Diese Art wissenschaftlicher Evidenz brauchte eine Ergänzung, um Aussagen über die seelische, charakterliche, wesensmäßige Seite der so Erfassten machen zu können. Scheidt war nie an einzelnen Individuen interessiert, und intuitive, vage, für subjektive Interpretationen anfällige Einschätzungen lehnte er als unwissenschaftlich ab. Stattdessen bediente er sich der vermeintlich hilfreichen Befunde eines dilettierenden Volkskundlers – in diesem Fall des niederdeutsch-bewegten Finkenwerder Lehrers und Schriftstellers Hinrich Wriede. Aus dessen generalisierenden, teils anekdotischen Feststellungen und Erzählungen zu Sitten, Gebräuchen, Lebensgewohnheiten, der Sprache etc. sollte die „Wesensart“ dieses „Menschenschlags“ darstellbar sein.
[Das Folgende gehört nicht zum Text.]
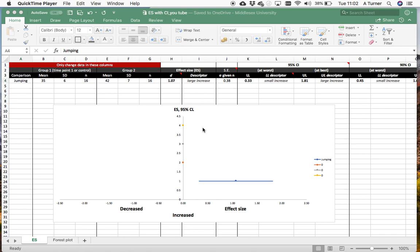In this video we're going to extend on the previous one where we looked at effect sizes, but now just add confidence intervals to that. To add a backdrop to why that's really important to do now as coaches and people conducting research within sports science...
Die inneren Widersprüche und Unzulänglichkeiten dieser „Wissenschaftlichkeit“ hier zu erörtern, erübrigt sich.[6] Das Ergebnis aller Vermessung, Erhebung und Berechnung war jedenfalls, auch schon in Anbetracht des getriebenen Aufwands, eher dürftig zu nennen: „Die meisten Eigenschaften [der Finkenwerder] werden herkömmlicher[-] und wohl auch berechtigterweise der nordischen Rasse zugeschrieben.“ Ähnlich vage und ungewiss („möglicherweise“, „wohl“, „wahrscheinlich“, „soweit möglich“ usw.) lautete das Fazit, „aus der immerhin größeren Ähnlichkeit der Finkenwärder Eigenschaftsgruppe mit der als nordisch beschriebenen Rasse (und wahrscheinlich auch mit der als nordisch angesehenen frühgeschichtlichen Bevölkerung Nordwestdeutschlands) läßt es sich wohl rechtfertigen, in der Eigenschaftsgruppe der Finkenwärder einen Schlag nordischer Rasse zu sehen.“ Schließlich: „Soweit die Möglichkeiten einer statistischen Nachprüfung reichen, berechtigen also die Ergebnisse derselben auch zu dem Schluß, daß die vorstehenden Schilderungen des Finkenwärder Volkstums und der körperlichen Beschaffenheit der Leute die typische ererbte Eigenart des Finkenwärder Menschenschlages beschreiben.“[7]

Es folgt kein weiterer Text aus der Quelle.